Caption-style text data:
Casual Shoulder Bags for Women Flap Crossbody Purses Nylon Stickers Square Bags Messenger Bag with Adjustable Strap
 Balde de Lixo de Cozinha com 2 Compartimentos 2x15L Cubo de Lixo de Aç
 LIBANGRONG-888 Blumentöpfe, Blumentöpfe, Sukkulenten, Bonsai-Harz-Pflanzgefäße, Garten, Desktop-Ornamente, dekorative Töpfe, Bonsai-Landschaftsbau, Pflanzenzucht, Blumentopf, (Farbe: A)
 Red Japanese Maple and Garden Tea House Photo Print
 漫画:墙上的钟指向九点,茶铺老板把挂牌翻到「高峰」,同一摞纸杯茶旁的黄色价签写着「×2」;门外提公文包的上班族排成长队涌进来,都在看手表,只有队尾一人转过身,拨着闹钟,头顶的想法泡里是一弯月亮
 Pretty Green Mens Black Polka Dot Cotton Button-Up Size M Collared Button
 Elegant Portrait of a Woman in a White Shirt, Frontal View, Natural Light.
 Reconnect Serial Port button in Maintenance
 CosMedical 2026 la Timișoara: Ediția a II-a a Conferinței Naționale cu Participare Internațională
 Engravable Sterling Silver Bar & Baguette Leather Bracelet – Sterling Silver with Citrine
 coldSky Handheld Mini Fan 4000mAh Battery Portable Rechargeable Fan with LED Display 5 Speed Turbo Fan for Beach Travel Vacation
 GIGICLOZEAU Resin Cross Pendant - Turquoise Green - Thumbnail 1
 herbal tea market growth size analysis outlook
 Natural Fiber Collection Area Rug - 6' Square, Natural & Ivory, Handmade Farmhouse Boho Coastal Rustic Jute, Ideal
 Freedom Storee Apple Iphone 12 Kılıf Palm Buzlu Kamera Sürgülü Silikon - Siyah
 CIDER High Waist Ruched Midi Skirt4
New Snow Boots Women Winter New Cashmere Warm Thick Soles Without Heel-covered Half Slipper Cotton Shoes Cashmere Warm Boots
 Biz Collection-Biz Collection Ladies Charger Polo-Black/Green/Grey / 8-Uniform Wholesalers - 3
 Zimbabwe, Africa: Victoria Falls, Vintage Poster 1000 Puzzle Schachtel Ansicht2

— Required action —
All records are to be printed again, exactly and completely.

— Answer for the task —
Casual Shoulder Bags for Women Flap Crossbody Purses Nylon Stickers Square Bags Messenger Bag with Adjustable Strap
 Balde de Lixo de Cozinha com 2 Compartimentos 2x15L Cubo de Lixo de Aç
 LIBANGRONG-888 Blumentöpfe, Blumentöpfe, Sukkulenten, Bonsai-Harz-Pflanzgefäße, Garten, Desktop-Ornamente, dekorative Töpfe, Bonsai-Landschaftsbau, Pflanzenzucht, Blumentopf, (Farbe: A)
 Red Japanese Maple and Garden Tea House Photo Print
 漫画:墙上的钟指向九点,茶铺老板把挂牌翻到「高峰」,同一摞纸杯茶旁的黄色价签写着「×2」;门外提公文包的上班族排成长队涌进来,都在看手表,只有队尾一人转过身,拨着闹钟,头顶的想法泡里是一弯月亮
 Pretty Green Mens Black Polka Dot Cotton Button-Up Size M Collared Button
 Elegant Portrait of a Woman in a White Shirt, Frontal View, Natural Light.
 Reconnect Serial Port button in Maintenance
 CosMedical 2026 la Timișoara: Ediția a II-a a Conferinței Naționale cu Participare Internațională
 Engravable Sterling Silver Bar & Baguette Leather Bracelet – Sterling Silver with Citrine
 coldSky Handheld Mini Fan 4000mAh Battery Portable Rechargeable Fan with LED Display 5 Speed Turbo Fan for Beach Travel Vacation
 GIGICLOZEAU Resin Cross Pendant - Turquoise Green - Thumbnail 1
 herbal tea market growth size analysis outlook
 Natural Fiber Collection Area Rug - 6' Square, Natural & Ivory, Handmade Farmhouse Boho Coastal Rustic Jute, Ideal
 Freedom Storee Apple Iphone 12 Kılıf Palm Buzlu Kamera Sürgülü Silikon - Siyah
 CIDER High Waist Ruched Midi Skirt4
New Snow Boots Women Winter New Cashmere Warm Thick Soles Without Heel-covered Half Slipper Cotton Shoes Cashmere Warm Boots
 Biz Collection-Biz Collection Ladies Charger Polo-Black/Green/Grey / 8-Uniform Wholesalers - 3
 Zimbabwe, Africa: Victoria Falls, Vintage Poster 1000 Puzzle Schachtel Ansicht2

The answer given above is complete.